Four Turkish police officers sentenced for extorting hundreds of thousands from terrorism suspects

In the southern Turkish province of Antalya, four anti-terrorism police officers have been sentenced to prison for demanding hundreds of thousands of Turkish Liras from people being investigated for alleged links to terrorism.

Duar English

Four anti-terrorism police officers have been sentenced to prison in the southern Turkish city of Alanya, in Antalya, for extorting suspects they were investigating for alleged links to terrorism. According to reporting by Deutsche Welle, the officers would demand hundreds of thousands of Turkish Liras in return for obstructing investigations.

The four officers, one of whom was the commissioner of the Anti-Terrorism Unit (TEM), would call people accused of “being members of the Kurdistan Workers Party (PKK),” which the government considers a terrorist organization, who they suspected were financially solvent.

They would request bribes in return for “not delivering evidence to the prosecutor.” Court files have revealed that the officers received a BMW worth 250,000 liras from a family of craftspeople, 250,000 liras in cash from another family in the same profession, and 40,000 liras from a shopkeeper whose brother was imprisoned. 

The police officers were caught when one shopkeeper recorded the phone call he received from the officers and delivered it to the local prosecutor.

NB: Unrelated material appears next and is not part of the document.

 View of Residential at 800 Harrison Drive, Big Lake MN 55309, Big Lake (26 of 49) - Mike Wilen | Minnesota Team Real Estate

The officers have been on trial since June 8, 2020.

During the final hearing of the trial, held on Nov. 24, the officers said they were “slandered, a plot was set up.”

Officer Eyüp Gedik was sentenced to a total of 16 years and 11 months in prison for “extortion by coercion” and “qualified embezzlement.” Officers Kaan Özcivelek, İsmail Aytaç, and Fatih Mehmet Tursun were each sentenced to 8 years and four months in prison for “extortion by coercion.”

The trial of Alanya Police Chief Alper Avcı, who was being charged with “neglect of duty” for failing to stop the extortion, was separated and stayed. Prosecutors said that they had to apply to the Interior Ministry for permission to investigate him for embezzlement. 

Charges of terrorism have been a widespread means of silencing dissent in President Recep Tayyip Erdoğan’s Turkey, especially in the five years since the coup attempt of July 2016.

Journalists, politicians, and prominent opposition figures have been investigated, charged, and imprisoned for alleged links to the PKK. As such, anti-terrorism police units have gained immense power and purview.